Selon un rapport parlementaire, la taxe mériterait d’être augmentée. Représentant en effet seulement 2,51 centimes par canette de 33 centilitres, il y a certainement moyen de faire cracher un peu plus au bassinet ce gros richard de consommateur, en la faisant passer à 4,6 centimes par canette. Au passage, le même rapport envisage d’augmenter la taxe sur les barres chocolatées ou de surtaxer tous les produits sucrés qui dépassent un seuil prédéfini. Et pour mettre un peu de vaseline autour de la mesure qu’on pressent impopulaire, le rapport préconise d’en profiter pour supprimer quelques autres taxes alimentaires pour faire bonne mesure.

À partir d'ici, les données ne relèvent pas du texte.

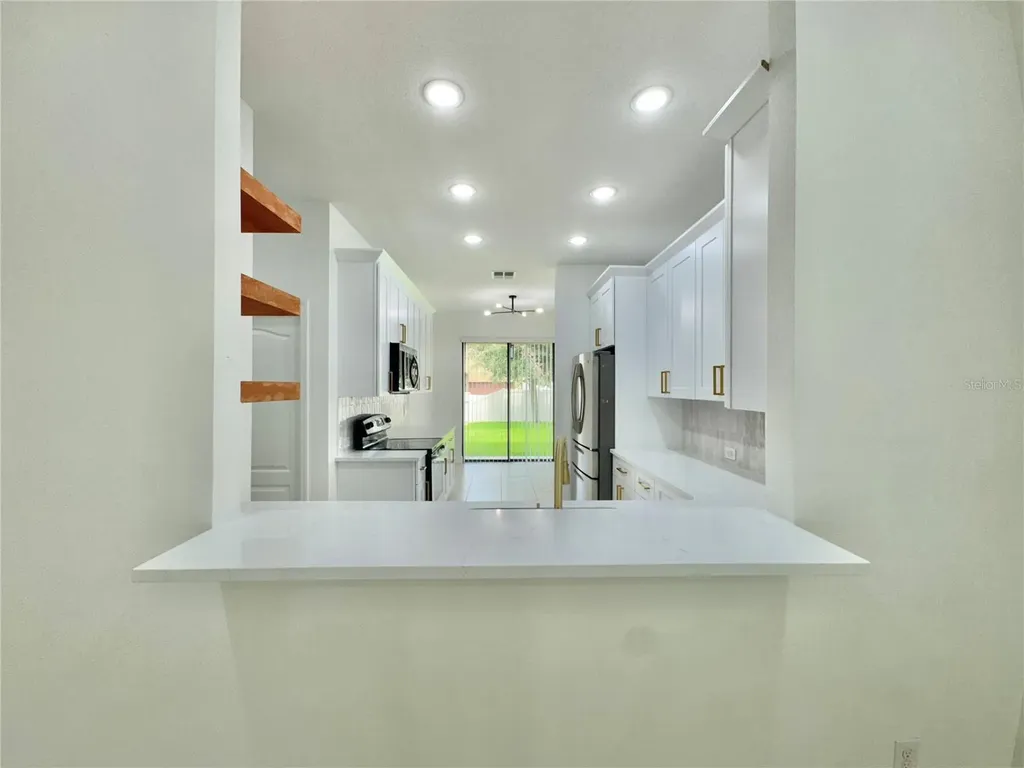 2022 Bent Grass Avenue Ocoee FL 34761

L’objectif affiché par cette manœuvre serait la simplification fiscale en supprimant d’autres taxes en les concentrant sur un nombre restreint de produits. Il faut dire que, comme d’habitude en France en matière de fiscalité, la tuyauterie chromée aux multiples tubulures tintinnabulantes que Bercy a mis en place sur les produits alimentaires peut déclencher des cauchemars chez la plupart des contribuables normalement constitués : une demi-douzaine de tarifs différents pour les huiles, des modalités invraisemblables pour le chocolat suivant son poids ou sa taille, des taxes sur des produits locaux ou dont le bénéfice sanitaire par rapport à d’autres, moins taxés, est connu, la liste est longue, les tubes multiples, les petits boutons et les leviers nombreux.

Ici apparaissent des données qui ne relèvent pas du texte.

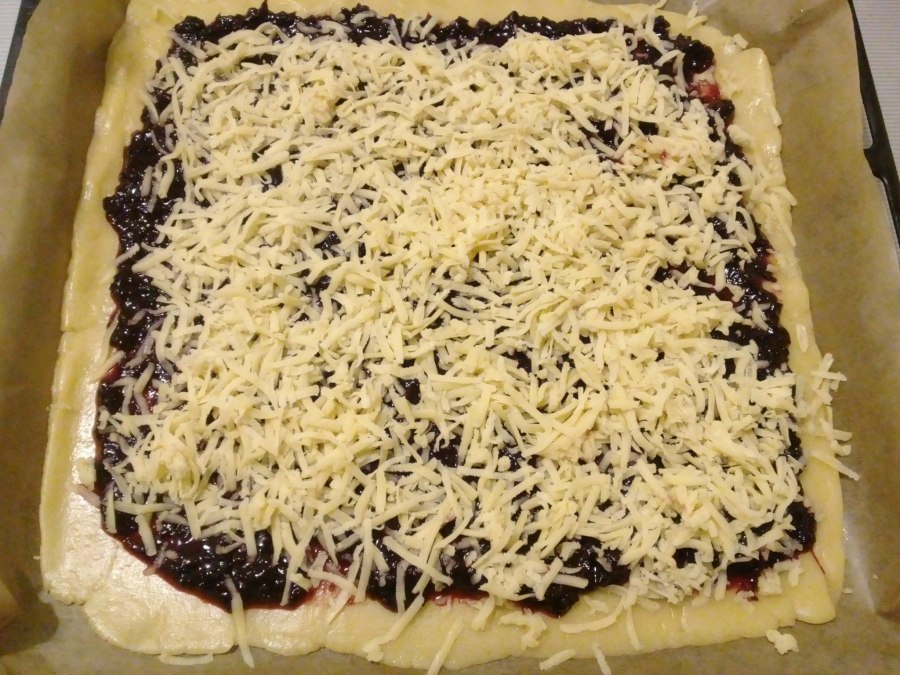 Песочное печенье с вареньем и крошкой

Bref, l’idée serait d’élaguer vigoureusement ce foisonnement, de cogner de façon plus forte et plus précise sur les sodas, et, en définitive, de parier sur la capacité de nos parlementaires d’abord, puis de l’administration fiscale ensuite, à fournir un ensemble de textes lisibles, concis et applicables rapidement.
Vous avez bien lu : nos députés et l’administration derrière entendent nous faire croire qu’ils vont remplacer une myriade de taxes qui rapportent malgré tout des douzaines de millions d’euros à l’Etat par une simple augmentation de l’une d’entre elles, parvenant ainsi à une simplification fiscale effective.
Ici, il est plus que temps d’insérer un petit GIF animé.
C’est bien sûr totalement grotesque.
Tout comme la nouvelle Taxe Régionale Spéciale d’Élargissement de Sphincters au Tractopelle, cette Augmentation Simplificatrice de la Taxe Soda se terminera en usine à gaz mortels pour le contribuable et les entreprises chargées d’une façon ou d’une autre de la collecter.
Décidément, le changement n’est pas pour maintenant, et tout comme l’austérité qui n’a jamais eu lieu en France, la simplification administrative, fiscale ou taxatoire est une chimère, et la pause fiscale n’a jamais autant ressemblé à un air de flûtiau joué en distorsion sur des amplis de plusieurs mégawatts.